Let's say I bought two Intel Xeon's and installed them into server class hardware... If one CPU failed would the other still function and pick up the slack, therefore providing fault tolerance?
This does not seem very likely, but I figured I would ask instead of making any assumptions.
In a normal dual-socket system, no, although there are servers that do permit hot-swapping of processors and RAM. So these things do exist, but they're at the very, very high-end of the market.
It's not really a big deal - of everything in your server that can fail, the processor is right on the bottom of the list, next to those little brass risers that hold the motherboard off the chassis.
Talking about x86 commodity hardware, if a system is running and a CPU fails things will grind to a halt normally. However the system will function fine after a reboot, albeit somewhat slower.
Multiple CPUs mostly are there to have parallel processing, not really for fault tolerance. But it's nice to have a system that still boots would a CPU (or more) fail.
I would say it's bit more likely your CPU fails than Mark Henderson suggests, but it still is very unlikely. In my experience mostly it happens when the system frequently overheats and shuts itself down (that's quite easy in a badly airconditioned office server room). The CPUs don't tend to like that a lot.
Of course if you had a nice IBM mainframe or similar, hot swapping a CPU (board) is "easy" enough.
If a CPU were to fail - which is extremely unlikely, per the other answers - there is basically nothing that the system could do to recover. Depending on the way it fails it could end up corrupting memory in strange ways, or destroying the process table, or who knows what else. If you were to have some sort of active monitoring system that keeps tabs on the CPU to make sure it's working well (and able to, say, roll back any changes made by the CPU during its death throes), that would also be another system that can fail, and determining software failure programmatically is pretty dang difficult (basically the only way you can practically do it is by having another CPU doing the exact same stuff at the exact same time and compare the results - which will then end up slowing things down such that there's no point to having another CPU to begin with).
That said, as rare as a CPU failure is, increasing the CPU count in a system will actually make your failure rate go up, as now you have twice as many things that can fail.

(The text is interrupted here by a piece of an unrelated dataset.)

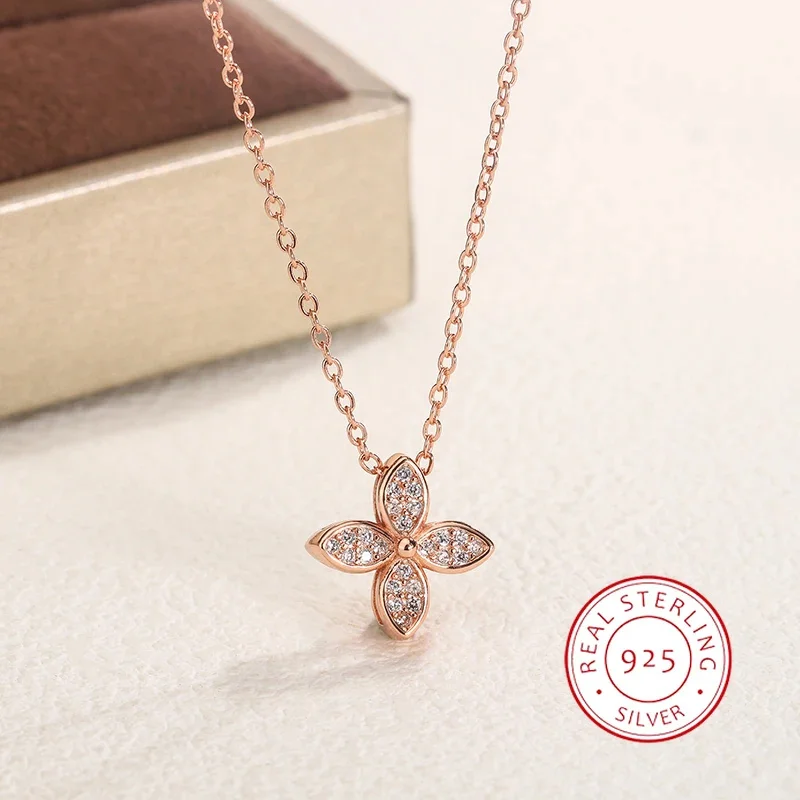 Fashion Rose Gold Clover Necklace Simple Necklace for Women Clover Pendant Exquisite Party Jewelry Pendant Necklace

You also have other subsystems that can fail as well, such as those which keep the CPUs' caches synchronized, and the increase in power consumption and thermal output also contribute to the factors behind overall system failure (and of course, active cooling fans are another point of failure).
You'll have to define exactly what kind of failures you want to handle. If we regard a collection of cores/CPUs/computers working together as a network, one type of failure is that a node simply stops answering. A much more severe failure is when a node starts to corrupt data and sends faulty information to the others. This is called a Byzantine failure, and in the worst case it's actively disrupting the operation of the network through strategic "lies". It's relatively easy to show that no system could handle a third or more of its nodes going Byzantine.
What you need to do, is to decide exactly what kind of failures you're expecting, and design your system with that in mind, and accept the fact that the problem of handling an arbitrary number of malicious nodes is unsolvable. In your case, you need at least four CPUs if one of them is faulty.
On a side note: In quantum physics there are no impossibilities, but if have to wait longer than the age of the universe to statistically have a chance to observe a certain behavior, we don't have to say that it's possible. Keep that in mind when you design your system. ;)
CPU failure is might-rare. A failure would probably result in other problems at the OS level. I would not think of this as any form of fault-tolerance.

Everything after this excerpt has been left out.